- poster
- Directed by: Richie Mehta
- Written by: Richie Mehta Shaun Mehta
- Produced by: Steven Bray
- Starring: Rupinder Nagra Naseeruddin Shah Seema Biswas Koel Purie Vik Sahay Roshan Seth
- Cinematography: Mitchell Ness
- Edited by: Stuart A. McIntyre
- Music by: Dr. Shiva
- Distributed by: Seville Pictures
- Release dates: September 13, 2007 (Toronto International Film Festival); August 8, 2008 (Canada);
- Running time: 101 minutes
- Country: Canada
- Languages: English Hindi
- Budget: $5 million

= Amal (2007 film) =

Amal (अमल) is a 2007 Canadian drama film directed and written by Richie Mehta. Set in modern-day New Delhi, India, it tells the story of a poor autorickshaw driver, Amal Kumar.

The film was originally released as a short film in 2004, with the same lead actor but a different cast, before it was adapted and expanded into a feature film after three years.

==Plot==
Amal Kumar (Rupinder Nagra) is an honest, punctual, hardworking sweet-natured autorickshaw driver who has two regular customers: the store merchant Pooja (Koel Purie) and a schoolboy who is the son of exacting lawyer Sapna Agarwal (Seema Biswas). While riding in Amal's autorickshaw, Pooja has her handbag snatched out of her hands by a beggar girl (Tanisha Chatterjee). Amal pursues the girl until she is hit by a car. Amal and Pooja take the girl to hospital. Amal visits the girl regularly, speaks to her doctor and reminds the nurses to take good care of her.

One day Amal offers his services to an old man, whose identity is revealed later in the film as local billionaire G.K. Jayaram (Naseeruddin Shah); Jayaram has been wandering the streets of New Delhi searching for an honest man. Jayaram asks Amal questions about his life, makes insulting comments about his driving skills, changes his destination, and finally pays the fare; he is surprised that Amal does not accept a three rupee tip.
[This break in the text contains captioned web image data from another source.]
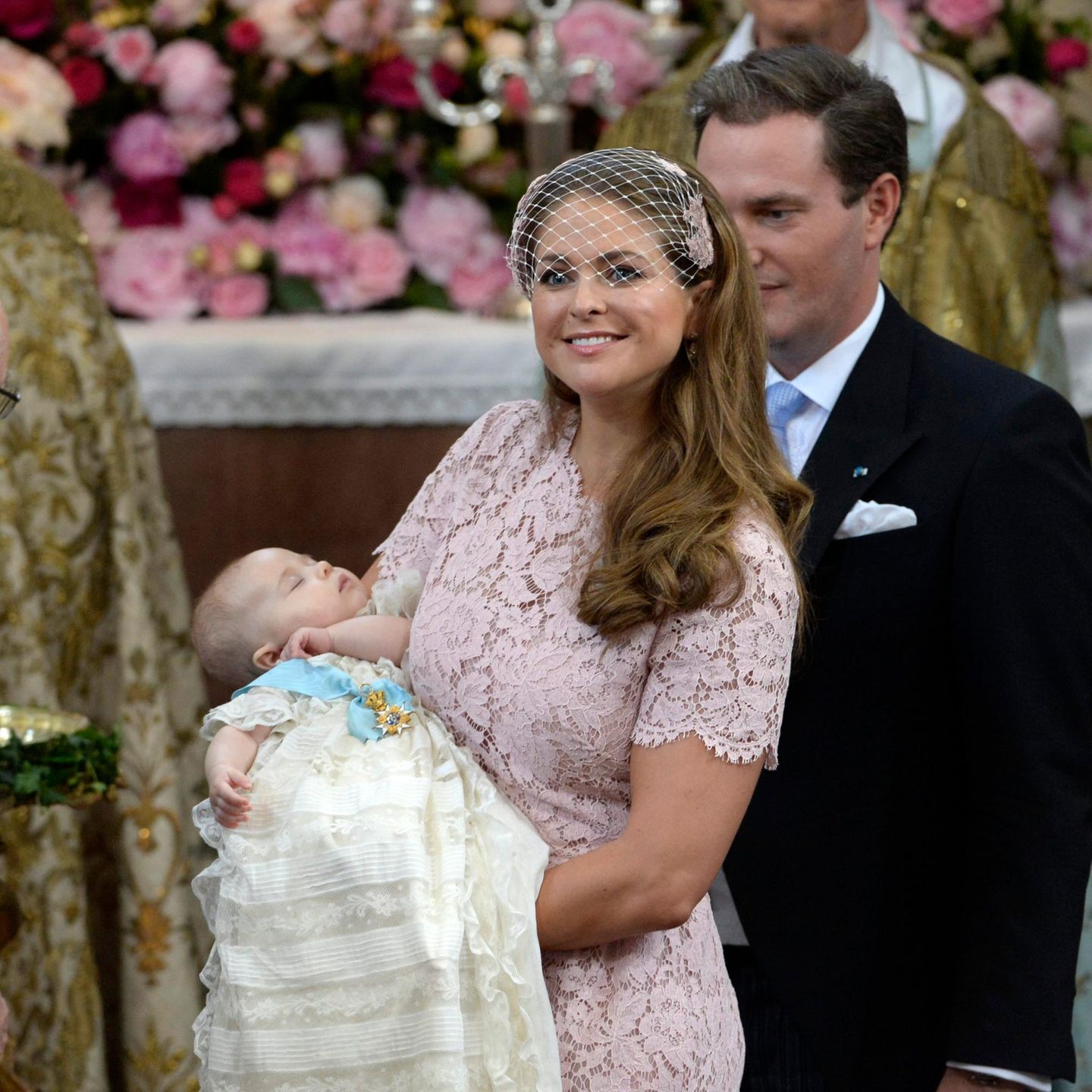 Taufe in Schweden: Prinzessin Leonore verschläft fast den gesamten Taufgottesdienst. Prinzessin Leonore verschläft fast den gesamten Taufgottesdienst.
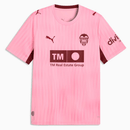 Camiseta Valencia Tercera Equipación 26/27 Hombre - Valencia CF, Valencia, Mestalla, Blanquinegros, Valencianistas, Tercera Equipación, Third Kit, Alternativa, Hombre, Men, Camiseta de Hombre, Rosa, Pink, Valencia 26/27, Tienda Hincha Futbolero, Fútbol Español, camiseta oficial la liga
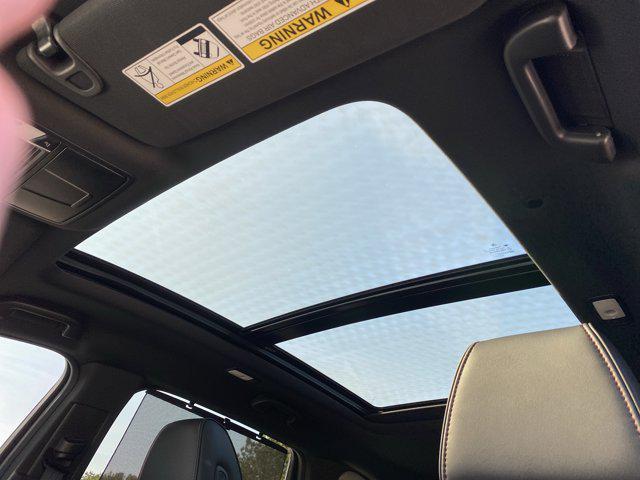 used 2024 Acura MDX car, priced at $44,988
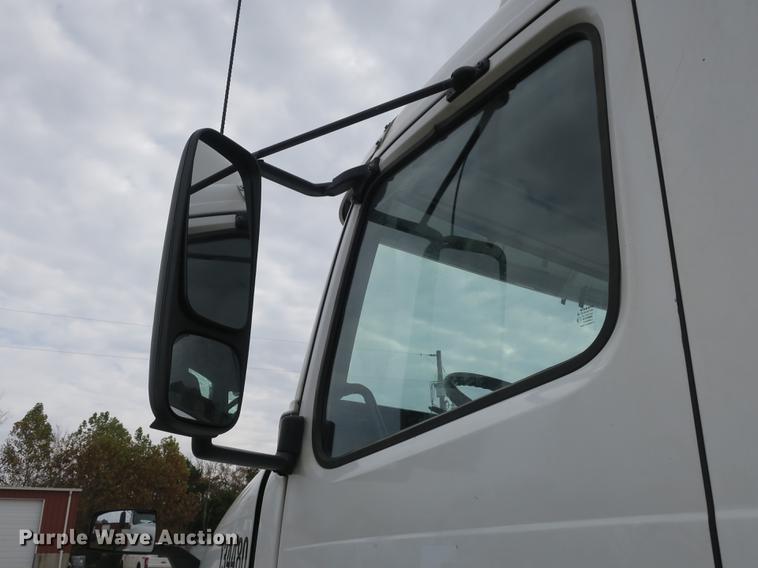 image for item EA9252 1998 Volvo VN semi truck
Jayaram subsequently dies, leaving his entire estate to the one honest man he believes to have encountered – Amal. He dictates that his will is not to be read until Amal reports to Jayaram's lawyer, Sapna, who has no idea that Amal is her son's autorickshaw driver. If Amal is not found within a month, Jayaram's estate will be inherited by his family members. Sapna deploys Suresh (Roshan Seth), Jayaram's longtime companion, to find Amal, but Suresh and Jayaram's son Vivek hatch a plan to hinder the search in order to claim inheritance.

In the meantime, although Priya's condition improves, she is in need of surgery that would cost 50,000 rupees. Amal sells his autorickshaw to pay for the surgery, but Priya dies on the operating table. Amal then takes a janitor position at a local post office. Touched by Amal's kindness and self-sacrifice, Pooja uses some of the money she has been saving for her dowry to buy a carburetor, which she gives to Amal so that he can fix up an abandoned auto-rickshaw lying by his house.

Suresh finds Amal and witnesses his honesty and sweet nature first-hand. He is reluctant to notify Sapna, but finally does so the night before the deadline. When he informs Vivek that he is abandoning their original plan and is taking Amal to Sapna's the next day, Vivek attacks Suresh and chokes him to death.

The next morning, Sapna reads Suresh's notes and finds out that Amal is her son's autorickshaw driver. She brings Amal into the house to sign some papers. Amal, who is still unaware of the inheritance, opens G.K.'s letter and takes a long look at it. Sapna receives a phone call and asks Amal to wait in the living room; she is told that Suresh has died. Amal leaves the lawyer's house so as not to be late in meeting Pooja. Out on the sidewalk, he is approached by a homeless girl who asks him for a piece of paper to draw on. Amal hands her the letter and drives away.

The homeless girl approaches Sapna's son and tells him that the paper Amal has given her to draw on has writing on it and may be of some importance. Sapna's son replies that it would make no difference, as Amal cannot read. The movie ends with Amal picking up Pooja, the two smiling at each other, and a voiceover by G.K. saying that he could not imagine what the man who did not want three rupees would do with three hundred million rupees.

==Screening and reception==
In 2007 the film was screened at the San Francisco International Asian American Film Festival, winning the Best Narrative Award. It was shown at the 2008 Whistler Film Festival, where Rupinder Nagra received an award for Best Actor and the film was named winner of the Audience Award.

Amal was nominated for six Genie Awards in 2009. The song "Rahi Nagufta" composed and sung in the film by Dr. Shiva, won a Genie for Best Original Song.